Nat Turner’s Bible was donated to the Smithsonian in Washington DC by a family with Southampton County roots. The Bible, which he is believed to have been holding when captured, now serves as a centerpiece at the National Museum of African American History. Wendy Porter of Virginia Beach spoke of giving the Bible to the National Museum of African American History and Culture, “We just thought it had so much history and there’s so much bloodshed on it”.

Turner, an educated minister and slave believed he was divinely chosen to lead his people out of slavery
led what is believed to be the bloodiest slave revolts in American history. On August 21, 1831 Turner initiated the uprising by killing his owner, Joseph Travis, and Travis’ family. Within just two days, an estimated 60 whites had been murdered and the group of slaves participating in the uprising had swelled to more than 60. In the rebellion’s aftermath, more than 200 enslaved and free blacks were executed.

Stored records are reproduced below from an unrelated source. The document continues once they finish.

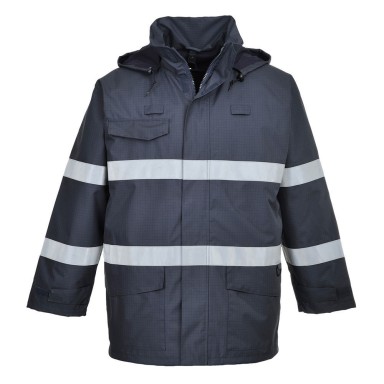 Portwest Bizflame Rain Multi Protection Waterproof & Flame Resistant Jacket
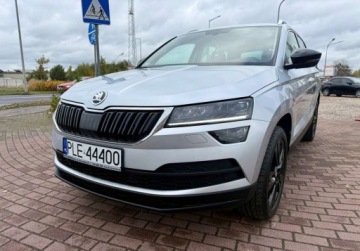 Skoda Karoq Crossover 1.5 TSI ACT 150KM 2021 Skoda Karoq 1.5i Dsg Full led SALON PL 1.5 Benzyna 150KM, zdjęcie 19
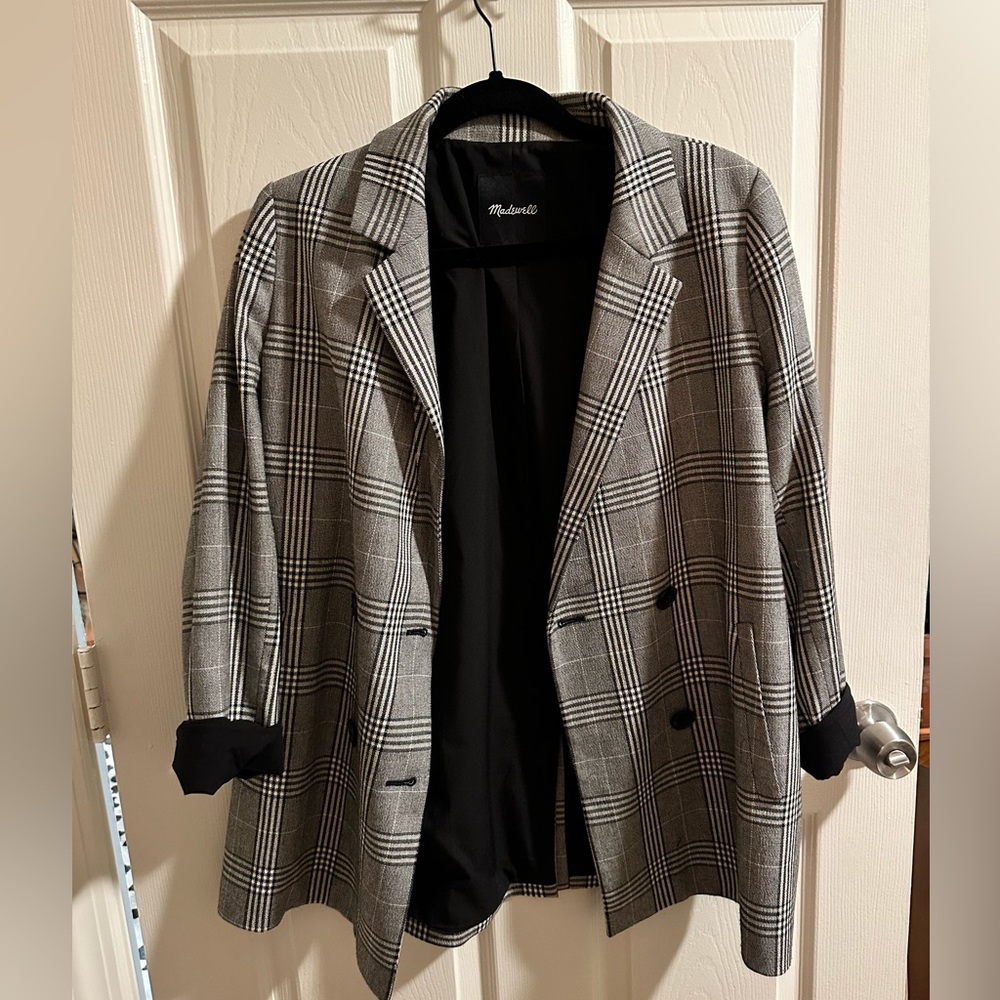 Madewell medium blazer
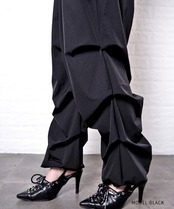 【直営限定ITEM】パラシュートシャーリングパンツ (BLACK)　CQ-47075H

Turner eluded capture for two months but was later found in a hole hidden by fence rails. He was immediately arrested. Two months that Turner was on the run was enough time for the rebellion to generate national attention and panic throughout the South. Six days after conviction, Turner was hanged, and his body mutilated. After Turner’s death, the judge ordered the Commonwealth to reimburse the estate belonging to Turner’s master. Considered as confiscated chattel, Nat Turner’s life was valued at just $375.

Maurice Pearson, a resident of Virginia Beach, heard the Bible belonged to Turner. Person’s father took possession of the Bible in 1912 when the Courthouse in Southampton was being renovated. “They had a bunch of things they didn’t want, and he took the Bible since he belonged to the Church”, said Person. The family had a religious background and had an interest in Bibles. His family displayed it for a few years and then decided to store it in a safe-deposit box, so it would not get ruined.
The family was hoping that in the future the Bible could be stored where it would be preserved. Because of its age, the Bible is terribly fragile. Just by opening the book, a page could deteriorate or tear. The Smithsonian stepped up. Nora Lockshin, a Smithsonian Institution Archives paper conservator, examined the pages of the bible, the ink and arrangement of the pages. It was discovered that the book is missing the front and back covers, one chapter and part of the spine. Due to age, the pages are yellowed and there is mold and watermarks on the pages. It cannot be open fully and flattened.
Rick Francis, a Southampton County Historical Society member, has known about the Bible for most of his life. He knew that it belonged to the Person family and can recount asking to see it at least five times. “They always said “yes”, but I never saw it”. Francis says he would prefer that the Bible remained on loan to the historical society or remain in Southampton County. He believes the Bible should be reunited with the sword used in the 1831 massacre. The sword has undergone restoration but is not yet on display at the historical society.


Maurice Person’s great-grandmother, Lavinia Francis, came close to being a victim of the massacre. Porter, a former professor of women’s studies at Old Dominion University confirmed the story. It is believed that on the night of the revolt, the family had been targeted for the attack. The slaves working in the house hid her in the closet. Their actions spared her life. They later learned that there were people killed in an area nearby.